EXERCISE INSTRUCTIONS
Find the line with "Silhouette of a" in the records below. Output exactly from there until after the line with "view of patio", without pictures.

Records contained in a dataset

--- START ---

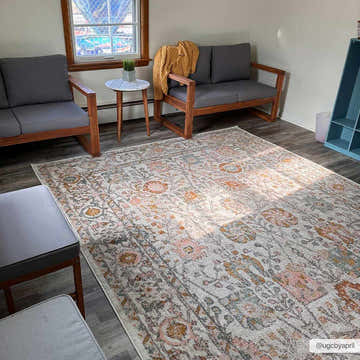 Living room scene with a Herstmonceux Area Rug. The rug is camel, pink, and gray with a traditional floral pattern. Roomscene-Rectangle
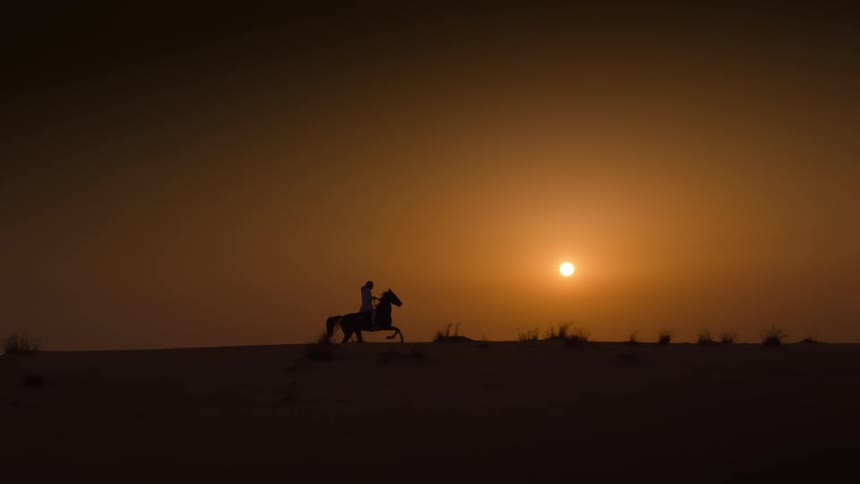 Silhouette of a person riding a horse at sunsets golden hour near a yellow bright sun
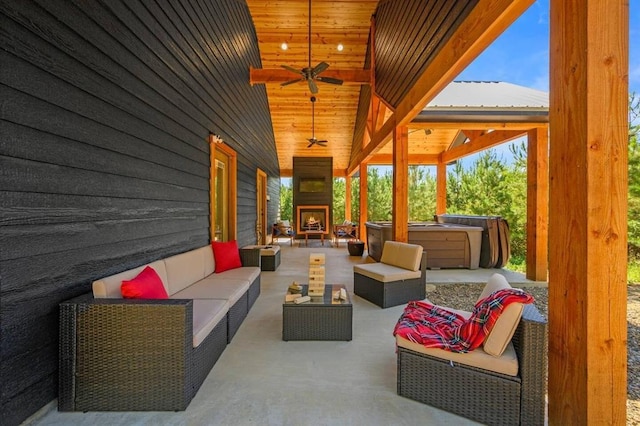 view of patio featuring ceiling fan, an outdoor living space with a fireplace, and a jacuzzi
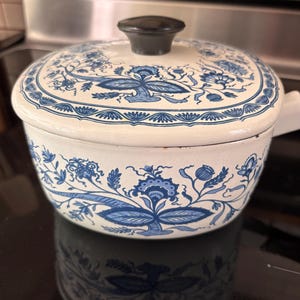 May include: A round, off-white enameled metal cooking pot with a matching lid. The exterior features a repeating blue floral and botanical pattern. A black, circular knob is centered on the lid. The pot has a white handle extending from the side.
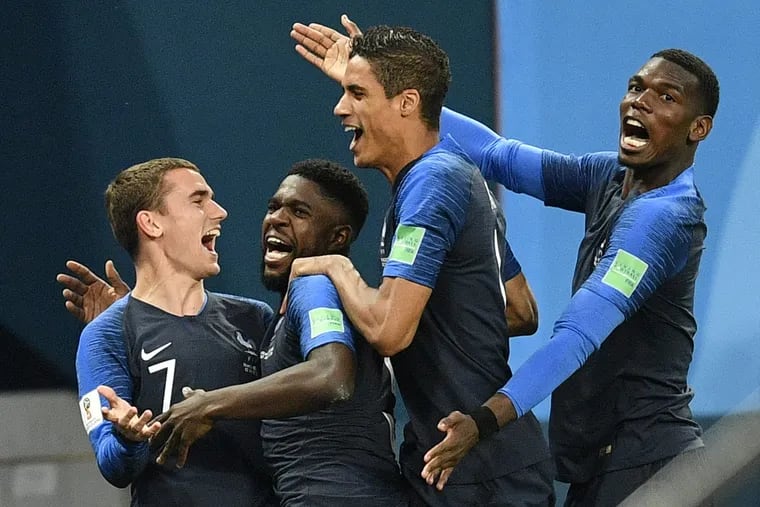 France's Samuel Umtiti, second from left, is congratulated by his teammates France's Antoine Griezmann, Raphael Varane and Paul Pogba, from left, after scoring the opening goal during the semifinal match between France and Belgium at the 2018 soccer World Cup in the St. Petersburg Stadium in St. Petersburg, Russia, Tuesday, July 10, 2018.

--- END ---

RESPONSE TO THE TASK
 Silhouette of a person riding a horse at sunsets golden hour near a yellow bright sun
 view of patio featuring ceiling fan, an outdoor living space with a fireplace, and a jacuzzi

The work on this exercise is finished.